## SUPPLIED MATERIAL:
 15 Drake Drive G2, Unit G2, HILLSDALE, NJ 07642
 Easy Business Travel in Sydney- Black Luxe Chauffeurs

==

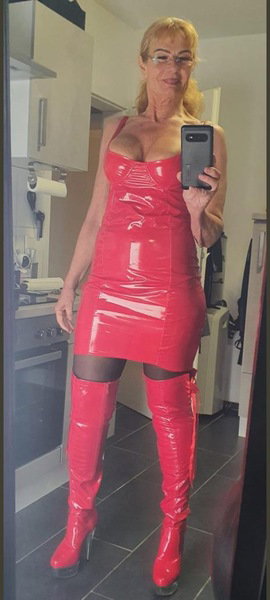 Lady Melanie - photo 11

--

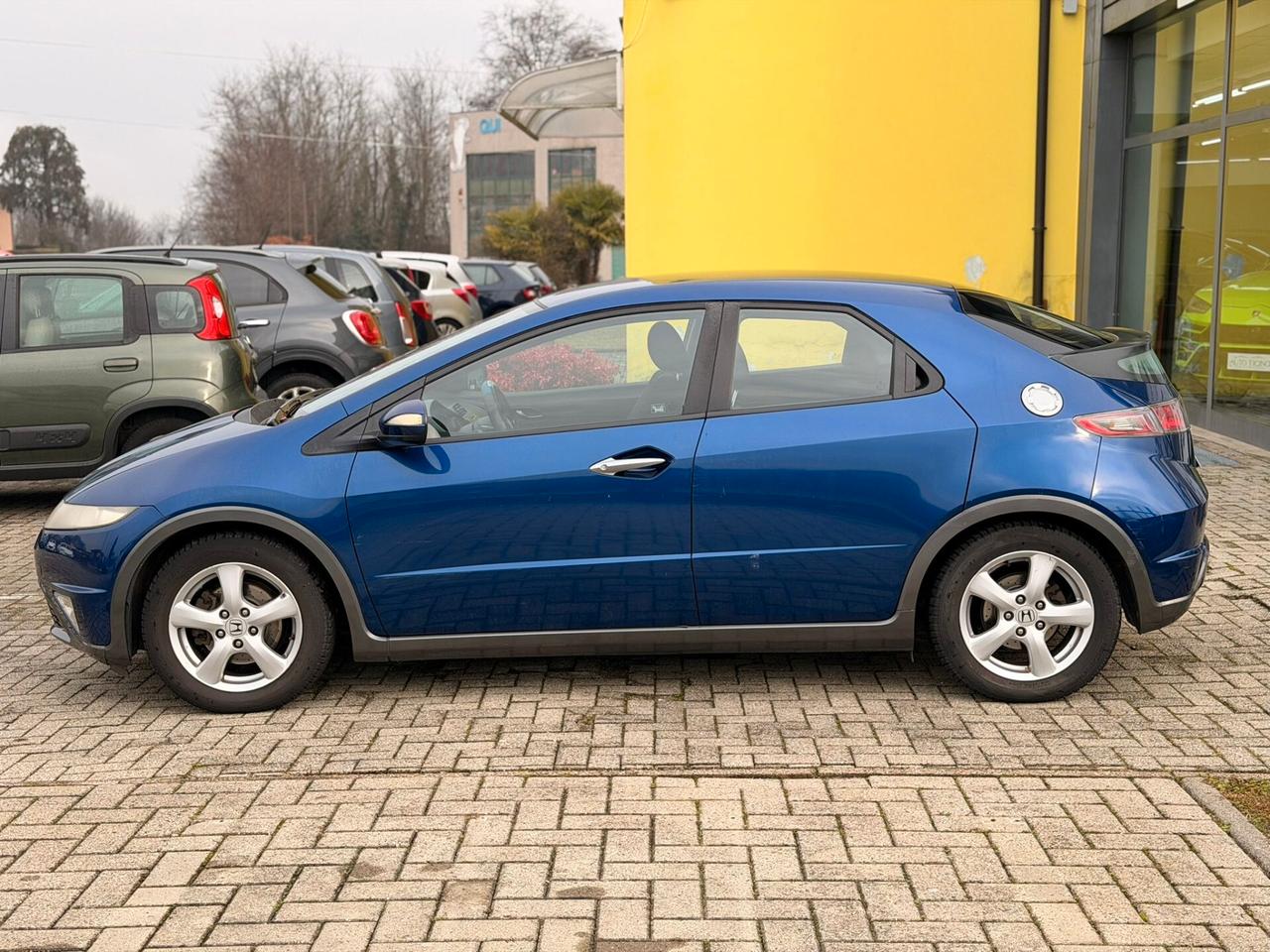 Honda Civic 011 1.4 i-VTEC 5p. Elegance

## TASK ITEM:
Your answer must be the lines above from the one containing "15 Drake Drive" to the one containing "Easy Business Travel", both included, restated word for word.

## OUTPUT OF THE TASK:
 15 Drake Drive G2, Unit G2, HILLSDALE, NJ 07642
 Easy Business Travel in Sydney- Black Luxe Chauffeurs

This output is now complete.